Założyciel KOD opisuje pobicie w Poznaniu: „otrzymałem dwa czy trzy ciosy, nikt nie zareagował”

Pobicie na poznańskim Dworcu Centralnym zgłosił Mateusz Kijowski, głównodowodzący Komitetu Obrony Demokracji: „Rozmawiałem przez telefon i nagle usłyszałem jakiś stek wyzwisk i otrzymałem dwa czy trzy ciosy w kark i głowę”. Założyciel KOD odwiedził Poznań w związku z marszem upamiętniającym wydarzenia z czerwca 1956 roku.

Na swoim profilu facebookowym Kijowski twierdzi, że do pobicia doszło 25 czerwca, tuż przed północą.

– Rozmawiałem przez telefon i nagle usłyszałem jakiś stek wyzwisk i otrzymałem dwa czy trzy ciosy w kark i głowę (na plecach miałem plecak, więc były chronione). Nic mi się nie stało – uspokaja warszawiak. – Wezwałem ochronę, atakujący został odprowadzony na komisariat, gdzie ja oraz on złożyliśmy krótkie słowne wyjaśnienia oraz daliśmy spisać swoje dokumenty. Po drodze atakujący poinformował, że zaatakował mnie, bo za nim chodziłem, donosiłem „IM”, gdzie jest, a oni chcą go zastrzelić. Wyglądał na zmęczonego życiem, być może pod wpływem środków zmieniających świadomość.
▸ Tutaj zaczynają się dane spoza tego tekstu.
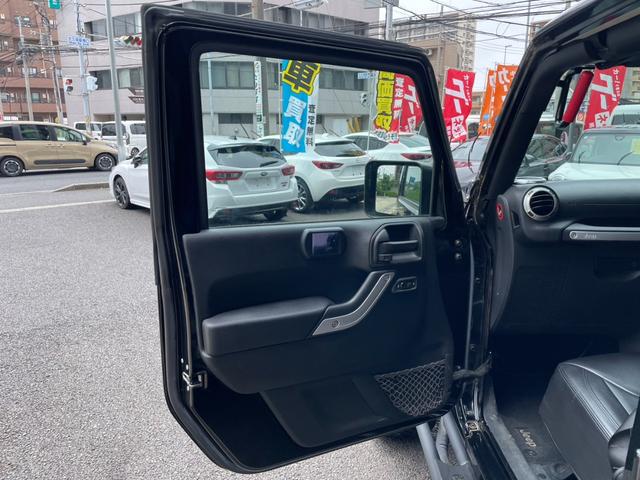 ジープ・ラングラーアンリミテッド サハラ　カルフォルニアマッドスター製フロントバンパー・サイドステップ・リアバンパー／ロックスター２２ＡＷ／２インチリフトアップ／ブッシュワーカーオーバーフェンダー／ナビ／フルセグ／Ｂカメラ／ＬＥＤヘッドライト（36枚目）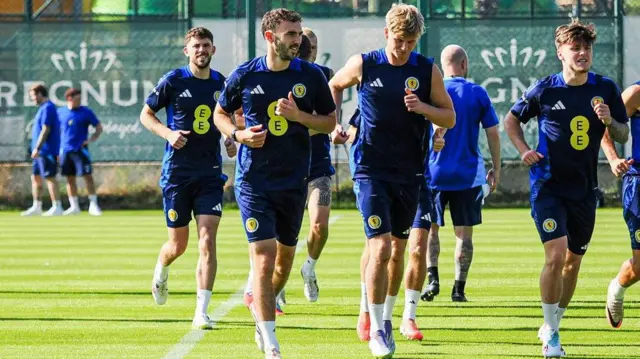 Cluicheadairean na h-Alba a' trèanadh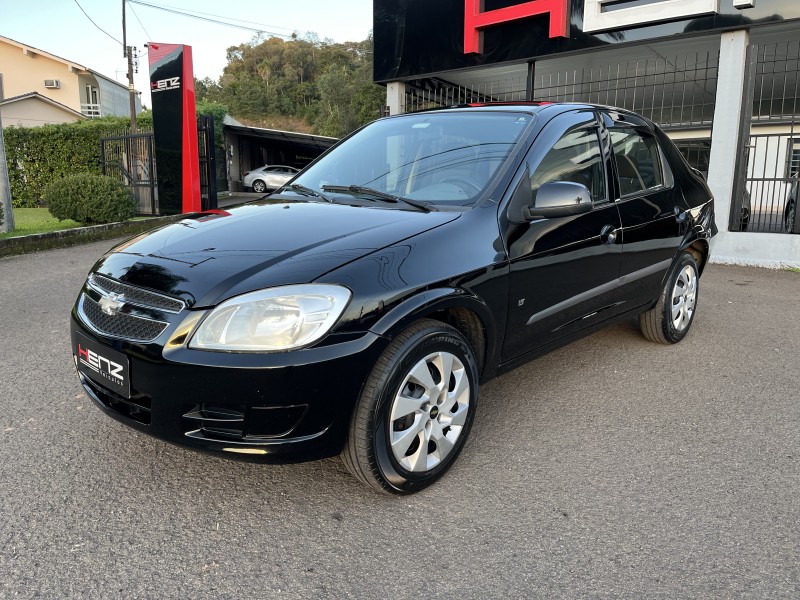 PRISMA 1.4 MPFI MAXX 8V FLEX 4P MANUAL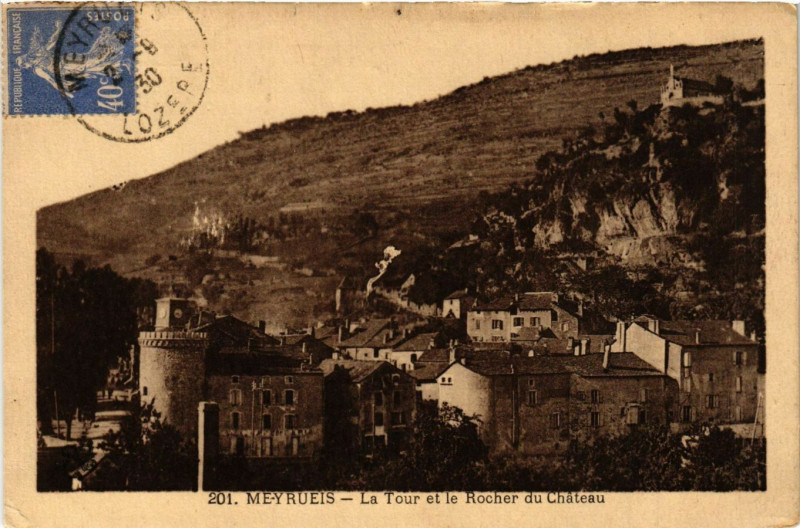 Carte postale ancienne Meyrueis - La Tour et le Rocher du Chateau à Meyrueis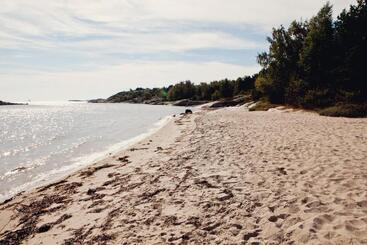 מלון דירות Kajkanten Vrångö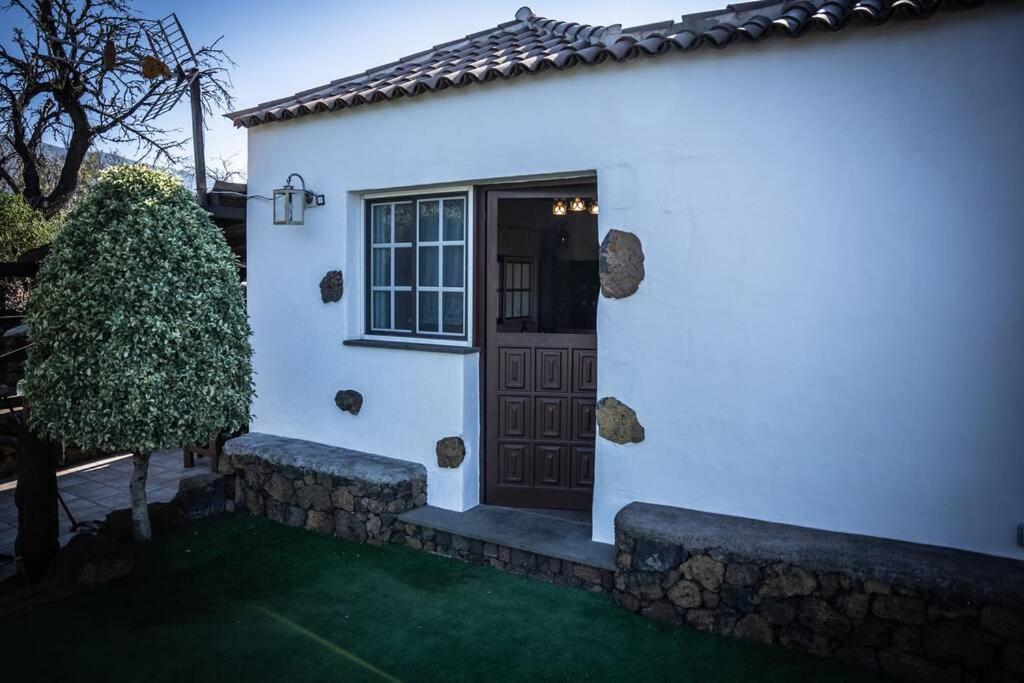 CASA RURAL FINCA LOS PAREDONES - B&B El Paso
Aktywista podaje, że nikt ze zgromadzonych na dworcu ludzi nie reagował nawet, gdy Kijowski krzykiem wzywał policję.  

– Tak, wiem, nie broczyłem krwią leżąc na ziemi. Zawsze staram się reagować, kiedy widzę agresję i muszę przyznać, że ta obojętność niemile mnie zaskoczyła – relacjonuje mężczyzna.

Jednocześnie 48-latek przestrzega współdziałaczy KOD przed podejmowaniem pochopnych decyzji i zaleca pokojowe reakcje na przejawy agresji. Apeluje o „zdrowy rozsądek i wyważone reakcje” również przed jesiennymi „zdecydowanymi działaniami ze strony władzy”.